What is Orange Peel?

Orange peel is the outer, slightly bumpy skin of the orange fruit, along with some of the white pith beneath it. This is arguably the best part of the fruit to consume, but few people do. The orange peel is high in certain phytochemicals, flavonoids, and other antioxidants, as well as providing vitamin A, B, C, copper, calcium, and magnesium. While eating the juicy fruit is the more common way to enjoy this fruit, there are a few ways to add the peel to your diet.
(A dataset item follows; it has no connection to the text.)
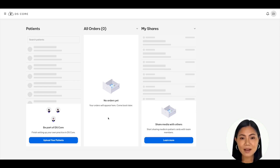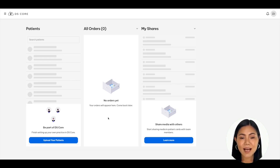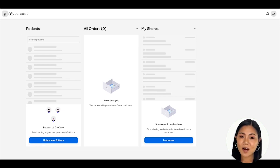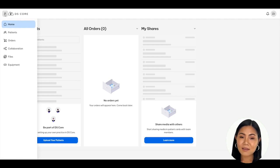Once you have logged into DSCore, you'll see your main dashboard. Navigate to the top left menu bar — the three horizontal lines next to the DSCore logo — and click on the menu to open the drop-down.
Dried orange peel is a popular means of eating this part of the fruit, and despite the bitter, tough taste when eaten raw, it can be prepared in various ways to make it more palatable. While there is no immediate risk of consuming the peel, you will want to be sure it is thoroughly cleaned, to avoid the potential presence of any pesticides or herbicides.

Nutrition Facts

Orange peel, raw
Serving Size :
NutrientValue
Water [g]72.5
Energy [kcal]97
Protein [g]1.5
Total lipid (fat) [g]0.2
Carbohydrate, by difference [g]25
Fiber, total dietary [g]10.6
Calcium, Ca [mg]161
Iron, Fe [mg]0.8
Magnesium, Mg [mg]22
Phosphorus, P [mg]21
Potassium, K [mg]212
Sodium, Na [mg]3
Zinc, Zn [mg]0.25
Vitamin C, total ascorbic acid [mg]136
Thiamin [mg]0.12
Riboflavin [mg]0.09
Niacin [mg]0.9
Vitamin B-6 [mg]0.18
Folate, DFE [µg]30
Vitamin B-12 [µg]0
Vitamin A, RAE [µg]21
Vitamin A, IU [IU]420
Vitamin E (alpha-tocopherol) [mg]0.25
Fatty acids, total saturated [g]0.02
Fatty acids, total monounsaturated [g]0.04
Fatty acids, total polyunsaturated [g]0.04
Fatty acids, total trans [g]0
Cholesterol [mg]0
Sources include : USDA

Orange Peel Benefits

There are quite a few benefits to eating an orange peel, including the following:

Skin Care

Packed with vitamin E and a number of unique antioxidants, applying the inner peels directly on the skin can clear up inflammatory conditions, while also helping to prevent wrinkles and age spots.

Allergies

The regulatory effect on the immune system caused by the active compounds in these peels can suppress allergic reactions and reduce the strain on your body’s defenses.

Cardiovascular Health

With good levels of fiber and a wealth of different nutrients, eating these peels can provide a major boost to your cardiovascular health, helping to lower blood pressure and prevent the buildup of cholesterol.

Asthma

When drinking orange peel extract in tea, or in a powdered form, it can soothe inflammation in the respiratory tracts.

Digestion

The fiber content in the peels helps to stimulate normal bowel function and prevent constipation.

Immune System

With vitamin C and various antioxidants, these peels are able to bolster the defenses of the immune system and protect against a wide range of pathogens and infections responsible for cold and flu.

How to Use Orange Peel?

You can use orange peel in any number of ways, some of which are mentioned below.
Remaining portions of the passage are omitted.